Reputation: 9009
I would like to index source code using Lucene. The source code has already been pre-analysed using a compiler plugin. The output of the compiler is a list of IDs that appear in the source code. Each ID includes information about
For example, given this source code module (in pseudo-code)
module MyModule
from MyOtherModule import bar
foo = ...
print bar
here's what the compiler might output when compiling MyModule
:
MyModule.foo,3:1-3:3,definition
MyOtherModule.bar,4:7-4:9,use
Note how all IDs that appear in the output are fully qualified, even though they might not appear that way in the source. This is why we use a compiler, it allows us to do more exact code search than just purely text-based search.
Question: Is it possible to write a custom tokenizer and analyzer that indexes the compiler output shown above in a way that the metadata (i.e. the fully qualified ID and whether the ID was defined or used at the given location) is kept an available when scoring the documents?
To be more precise, I'd like each term to be associated with the module where it was defined (e.g. foo
would have associated metadata: defining module=MyModule
). I want each posting in the posting list to store whether this particular appearance of an ID was a definition or a use of that ID.

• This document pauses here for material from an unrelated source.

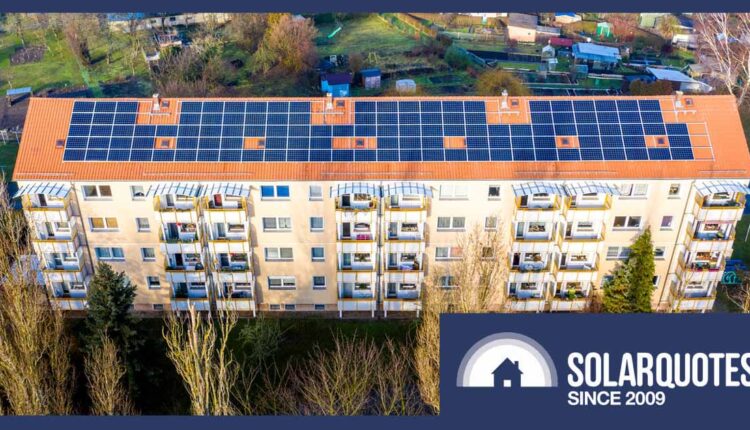 Solar panels on an apartment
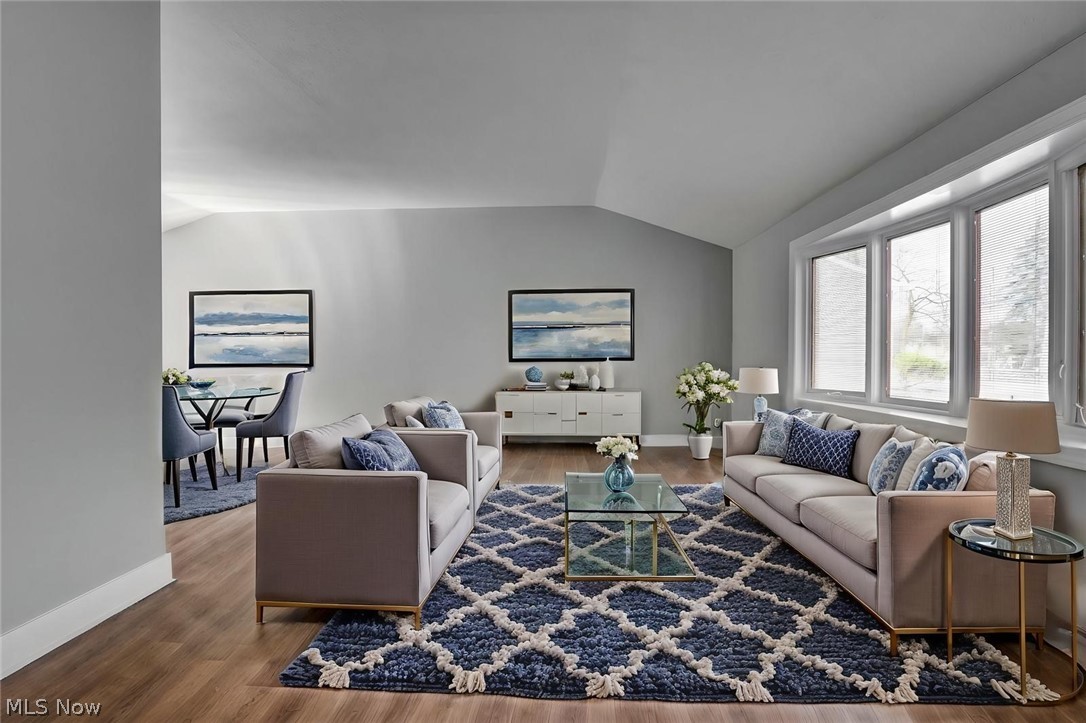 16667 Drake Road Strongsville, OH 44136 - Photo 3 of 30 Living room with vaulted ceiling and wood finished floors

In addition, I'd like to have Lucene store the non-qualified ID as synonyms for the qualified ID. This would allow users to search for "foo" and retrieve all documents that contain the IDs "Module1.foo" and "Module2.foo".
Upvotes: 1
Views: 477
Reputation: 5703
It's probably easier to put the various attributes into Lucene fields, so that you can query like:
parse module:MyModule use:yes
which would return only hits on 'parse' in 'MyModule' where 'parse' was used rather than defined.
Upvotes: 2